The bag stories are no less subtle, and they likewise tell how the bags are each for themselves and also all together. Admittedly, they do sprawl out on the production table, stand closer together, and the one may be pushed behind the other in the cramped space obliging them to huddle closer, overlap. But likewise their drama features proud protagonists and bit-parts, more striking and insignificant appearances, delicate and clumsy, ample and meager, transparent and opaque, those that perch on their corners as if on high heels, and others looking somewhat flat footed. They all have their character, their peculiarity, their costume. And the costumes are carefully coordinated with one another, colors and lettering combined to create a layout. Unlike with the bottles, however, the shape of the bags is not a given. Especially as with the plastic bags the physical expansion is neither natural nor automatic. It has to be contrived if the plastic bags are not to cave in and lose their shape and position. Whereas position is of prime importance in the bottle ensembles, draping is the crucial aspect in the bag arrangements.

 

And here at the latest you are struck by a property that all or almost all the items in this oeuvre share: they are empty. All the bottles, bags, cans, carrier bags, small bags. The few transparent ones, which have retained their contents on account of being painted, are simply the exceptions that prove the rule. Evidently, the focus of interest is on the shell, the packaging, the empty space styled into a design item. There must be a reason for this enduring concentration on containers, which do not contain anything, remnants, parts of an interior-exterior context that is no longer. You could argue that Sabine Christmann deprives things of their weight and consequently achieves the lightness and airiness characteristic of her paintings. The items have a set place on the stage, and their reflections are an indication of existence and continuance. Yet the overall impression is of a dematerialized recreation of emptiness.

 

And indeed emptiness features prominently in this work. Empty bags, empty bottles, plumped up fabrics without a body to drape themselves around, emptiness between the items, emptiness around the items. The table on which they stand has no limitation in the painting; it is not possible to say how far the (only intimated) wall extends. The only thing that seems certain is that the undefined stage space – open to the right and left, and on all sides – leaves the actors fairly alone so that it does not really protect them, overtaxes them with too much emptiness.

 

Emptiness is a vortex. Emptiness wants to fill itself up. Emptiness is the artful formulation of the secret stories the paintings narrate. The artist cultivates this emptiness, cultivates the holes, the gaps like carefully guarded entry points.

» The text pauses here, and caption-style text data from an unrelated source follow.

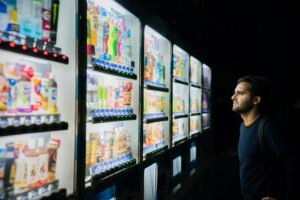 La imagen destacada de este texto muestra del lado derecho a un hombre observando luna serie de refrigeradores iluminados que contienen diferentes productos; es decir, esta frente a la competencia económica en vivo.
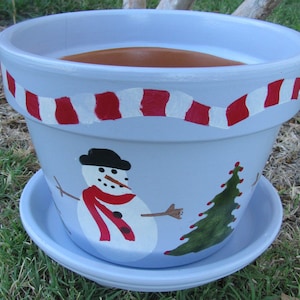 May include: A light blue ceramic planter with a white and red striped design around the top. The planter has a painted snowman and a Christmas tree on the front.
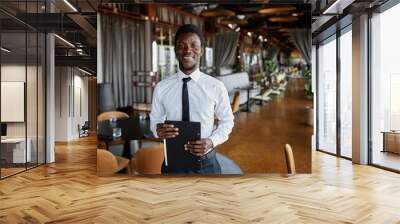 Waist up portrait of Black young man as restaurant manager smiling at camera standing in dining room, copy space Wall mural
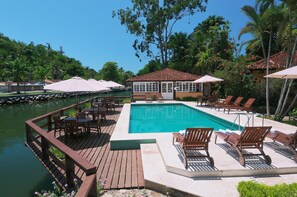 A pool area with wooden deck, lounge chairs, and umbrellas. - Pousada Corsário Paraty (Paraty)
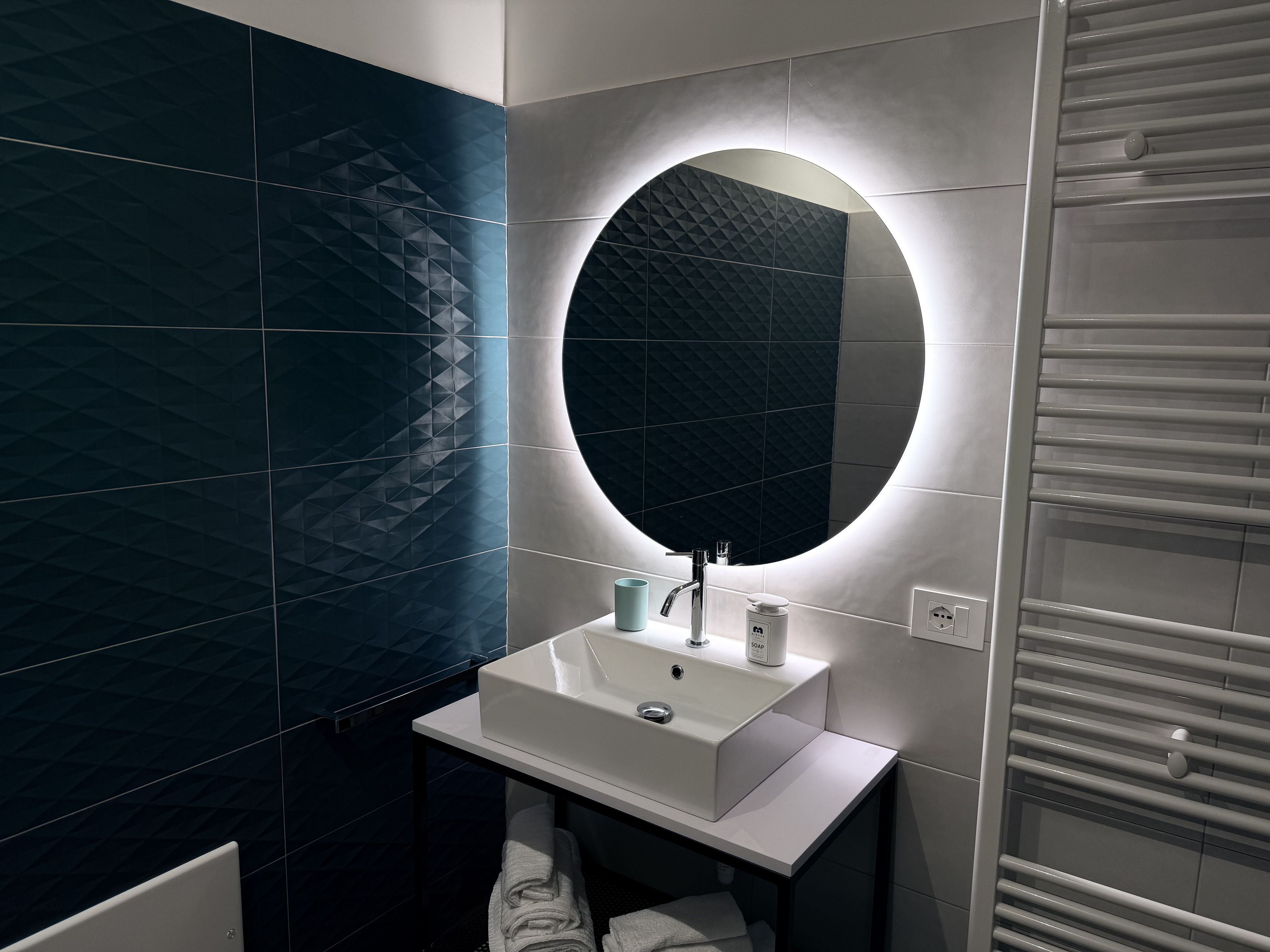 A modern bathroom with a white sink, a round mirror, and a towel rack.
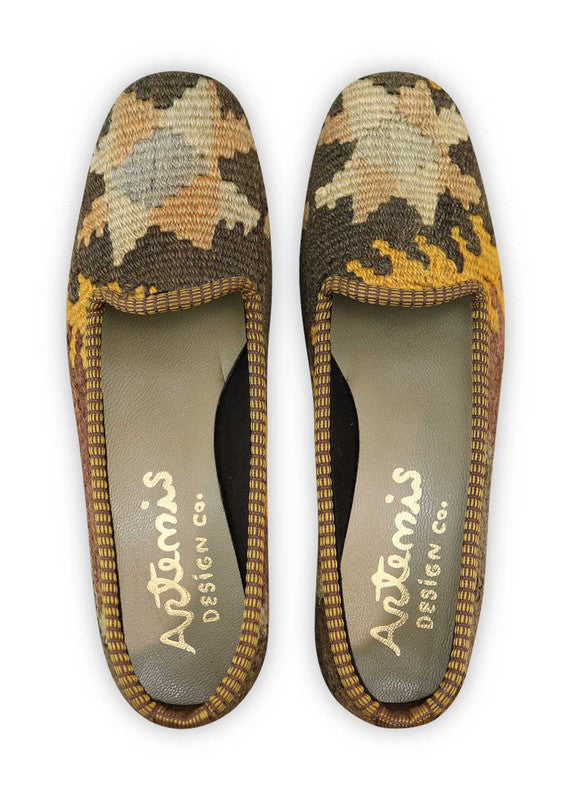 Artemis Design Co. Women's Loafers exude timeless elegance with a refined color palette of black, white, peach, mustard, and maroon. Meticulously crafted, these loafers seamlessly blend classic and warm tones, creating a versatile and stylish footwear option. The dynamic interplay of colors, from the crisp black and white to the soft peaches and mustards, complemented by the rich maroon, adds a touch of modern flair. (Front View)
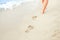 A Beach travel - woman relaxing walking on a sandy beach leaving footprints in the sand. Close up detail of female feet on golden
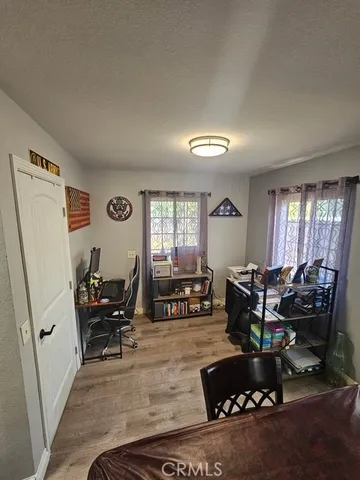 a living room with furniture window and a table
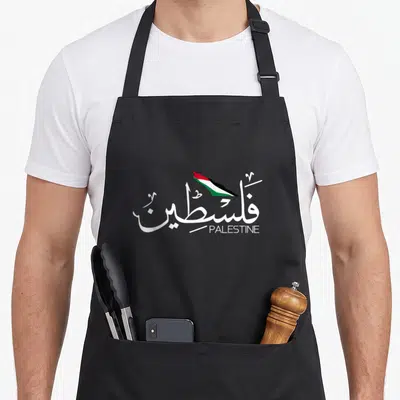 Arabic flag palestine apron - White Arabic calligraphy for Palestine with a small red green and black flag map above — shown on a black cotton canvas apron against a white background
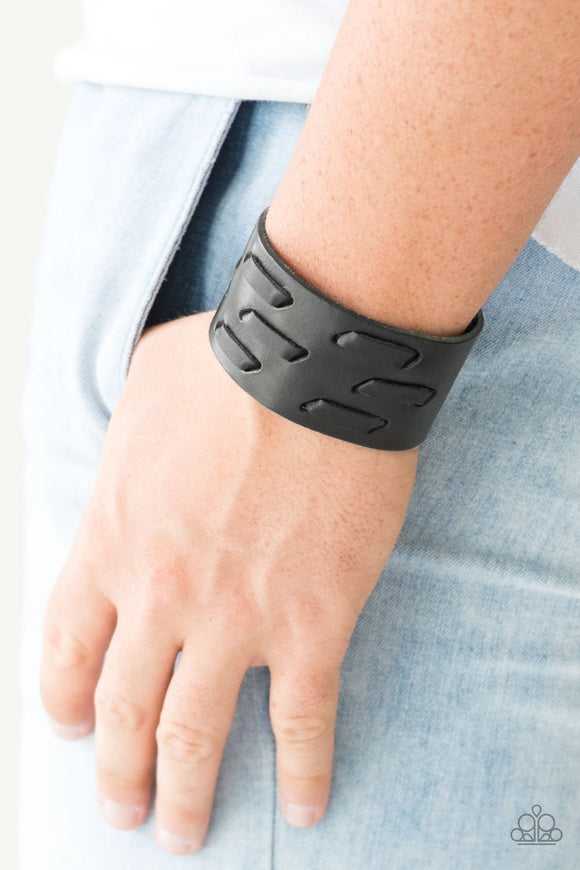Paparazzi Be Your Own HUNTSMAN - Black - Bracelet
Black leather cording is laced across the front of a thick leather band, creating a rugged look around the wrist. Features an adjustable snap closure.
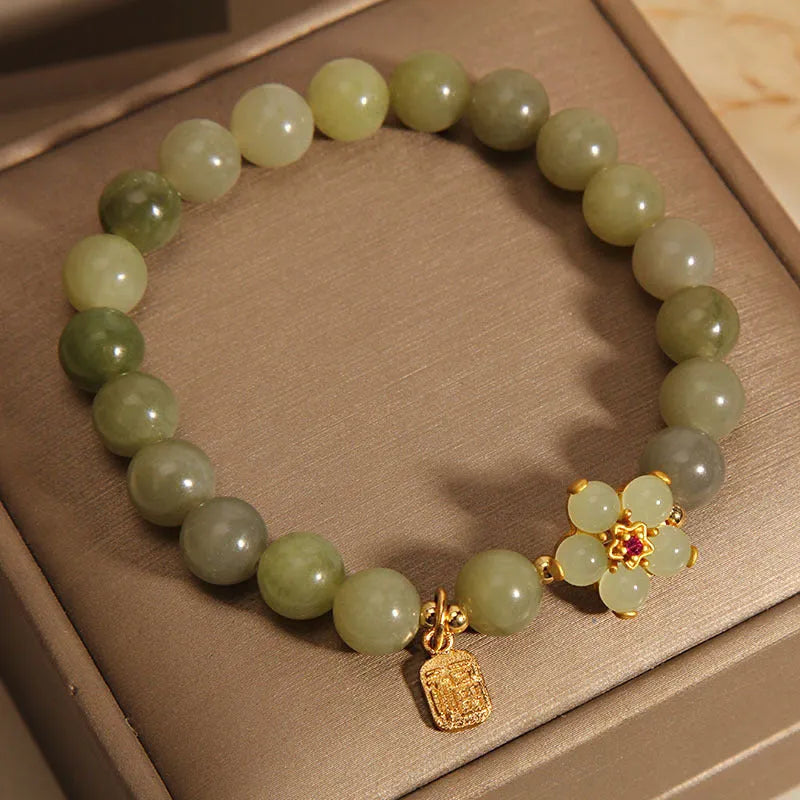 A grey jade coloured alloy bracelet with a casual style for women.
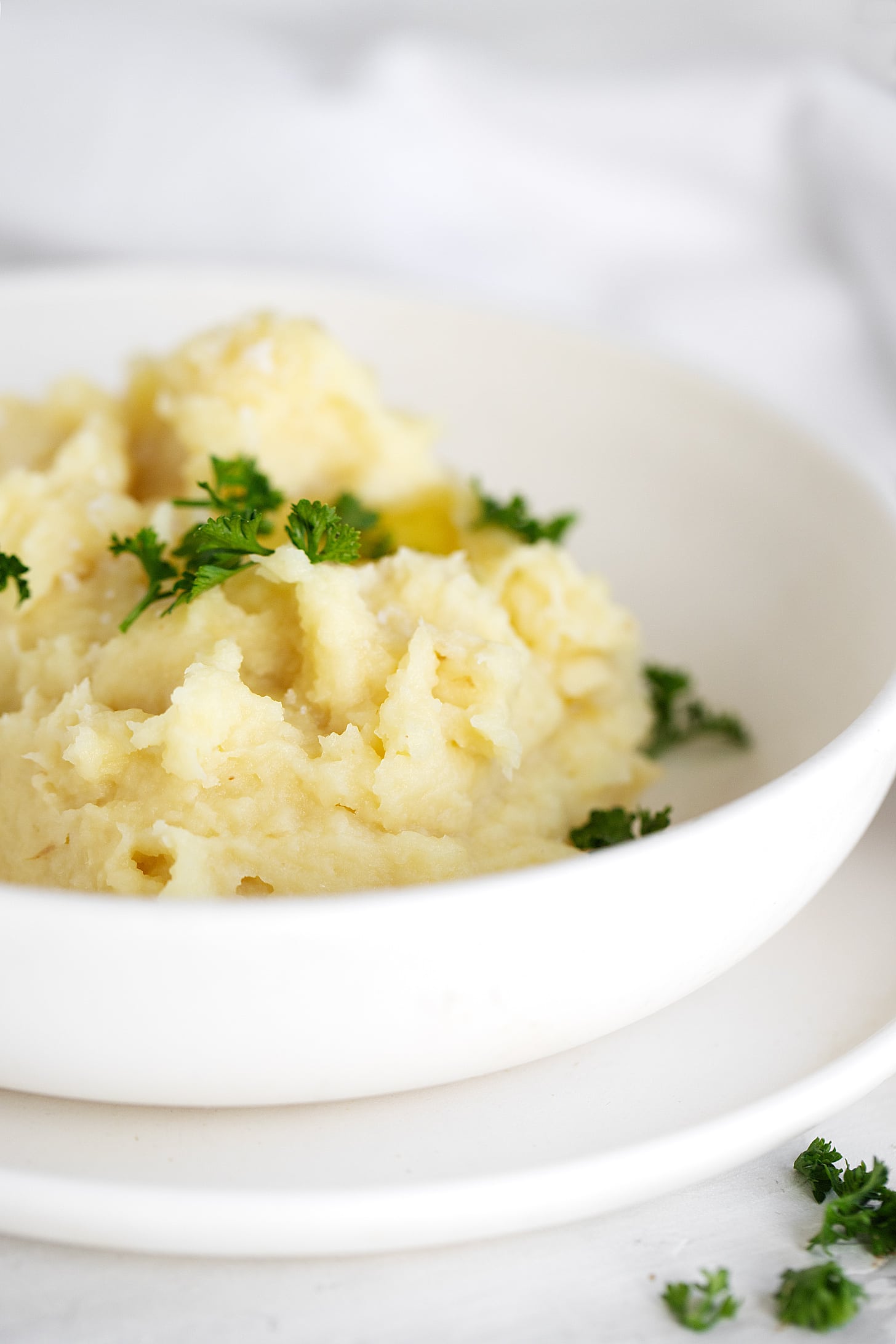 Parsnip puree in white bowl with parsley garnish.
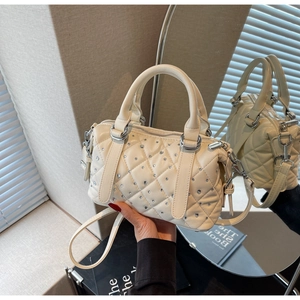 Detail of a beige quilted Boston bag with silver rhinestones and adjustable strap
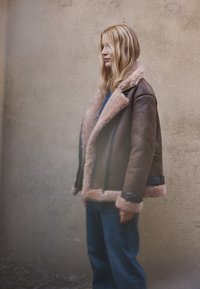 Bruine shearling jas met een tan bontkraag, zwarte accenten en brede manchetten, gecombineerd met een blauwe spijkerbroek. Tegen een textuurmuur geplaatst.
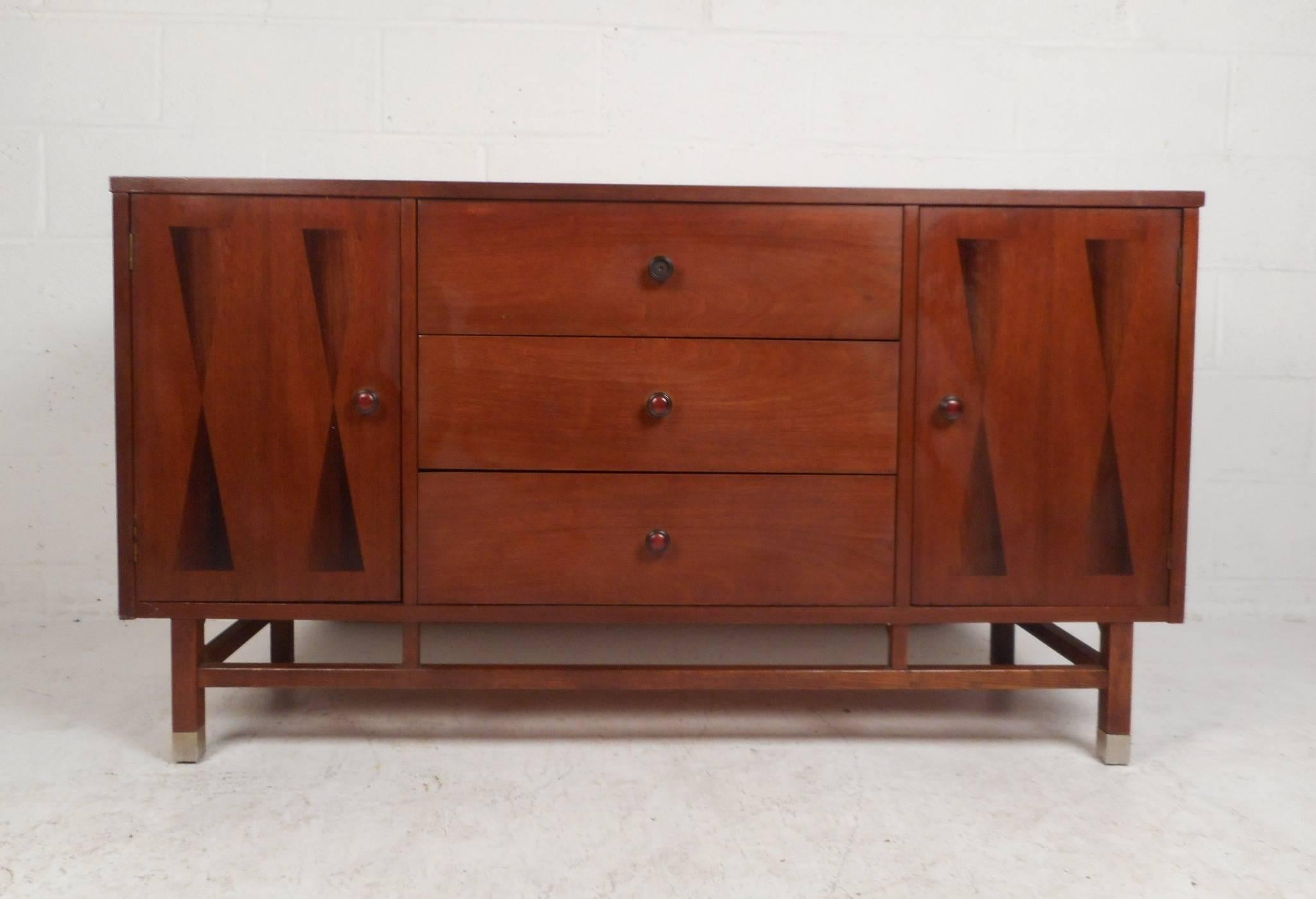 Wonderful vintage modern walnut sideboard with three hefty drawers in the centre and two large compartments on each side hidden by cabinet doors. The sleek design has unique dark colored inlays on the front of each door and stylish circular pulls on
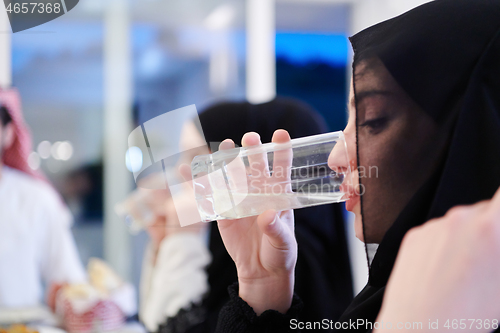 Image of Muslim family having Iftar dinner drinking water to break feast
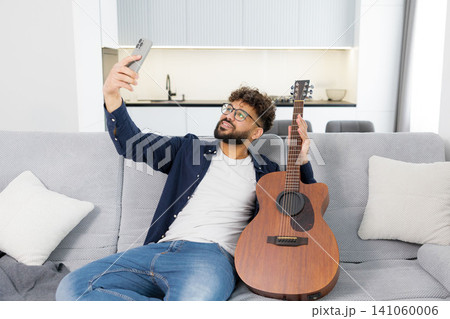 Man taking selfie with acoustic guitar on sofa Man taking selfie with acoustic guitar on sofa 141060006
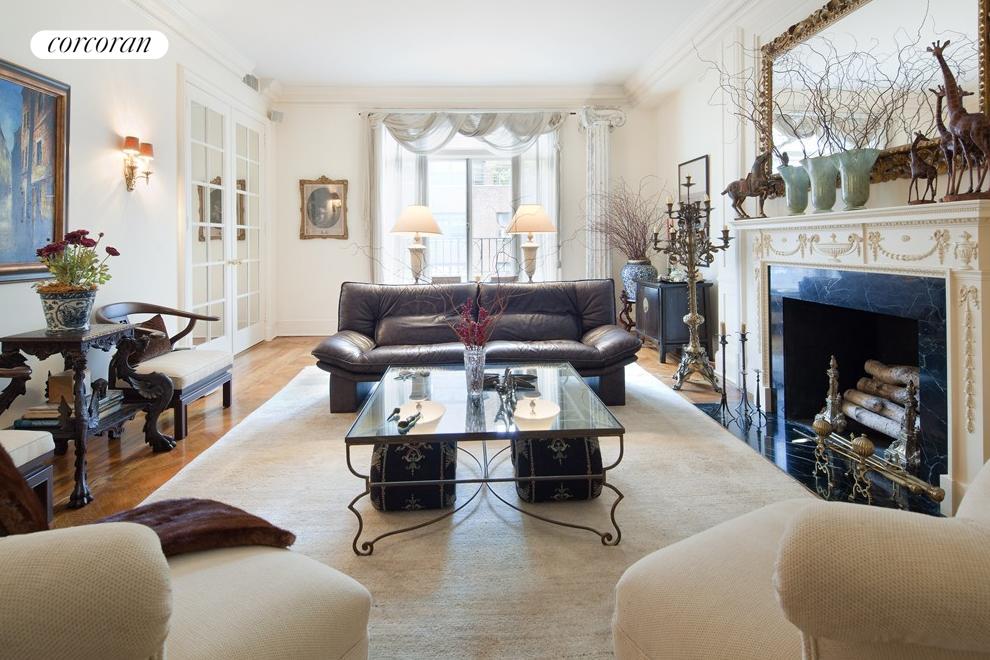 Original herringbone wood floors & juliet balcony.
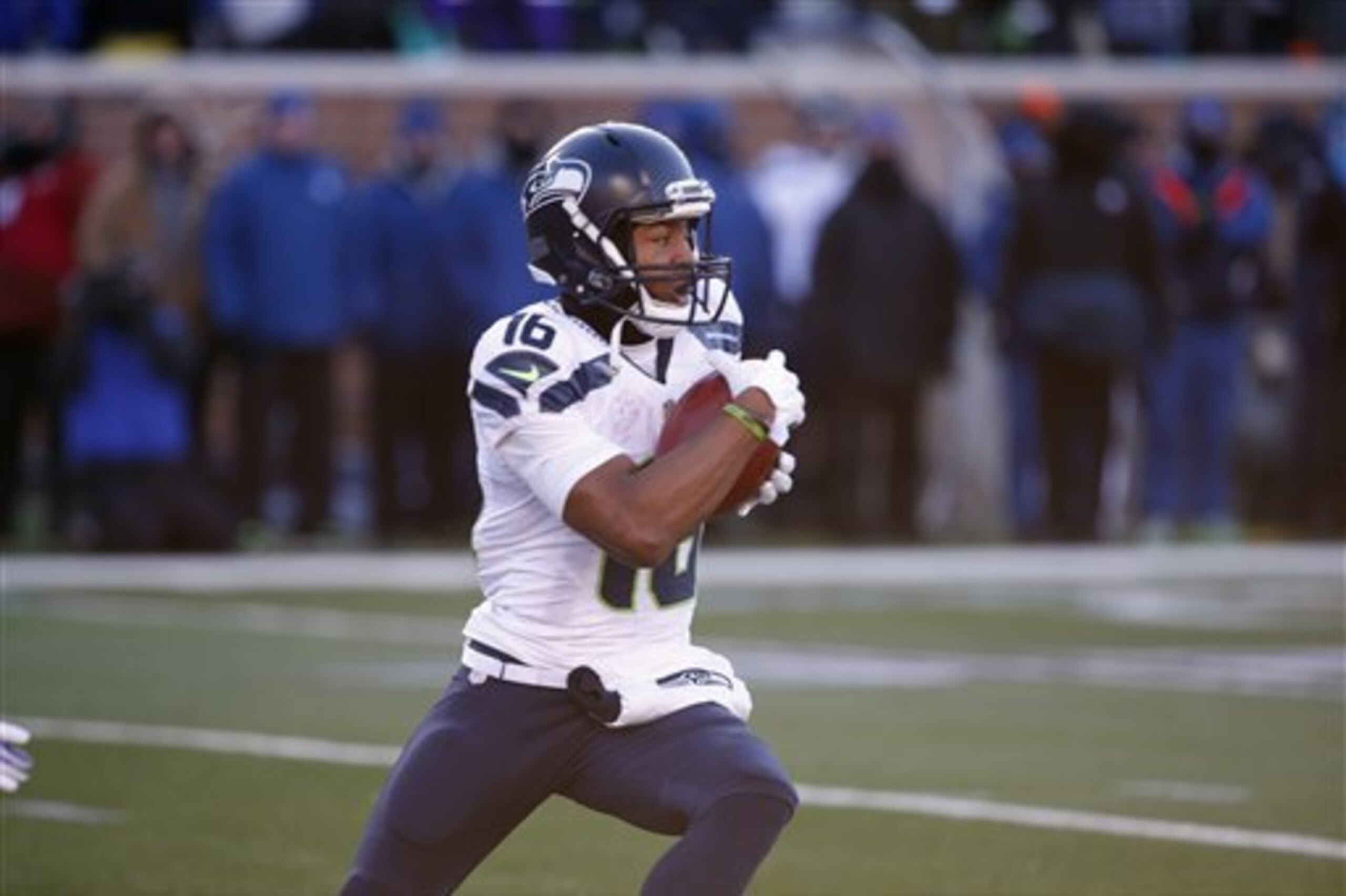 Seattle Seahawks receiver Tyler Lockett (16) runs with the ball during the first half of an NFL wild-card football game against the Minnesota Vikings, Sunday, Jan. 10, 2016, in Minneapolis. (AP Photo/Jim Mone)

She never experiences her work other than as a constant charging. In every new moment she paints the painting conditions alter. For all that the table with the arranged subjects still stands untouched, the painting chair stands in precisely the same position as yesterday, the painter’s hand might want to continue faithfully as if there had been no interruption – yet it is different each time. The light of the new day alters the colors, the situations, artificial light competes with natural light, the mood of the new day reveals new associations, and even though Sabine Christmann might be convinced that she knows her painted work exactly, nonetheless it continues to sprawl in ever new variations, continually fills itself, is composed of an infinite number of perceptive moments and artistic experiences. As such, the lined-up emptiness of the bottle show, the lined-up emptiness of the bag spectacle is nothing but a place for the realization of a visual poem that tells equally of its objects, the painting of the objects and the experience of the painted objects.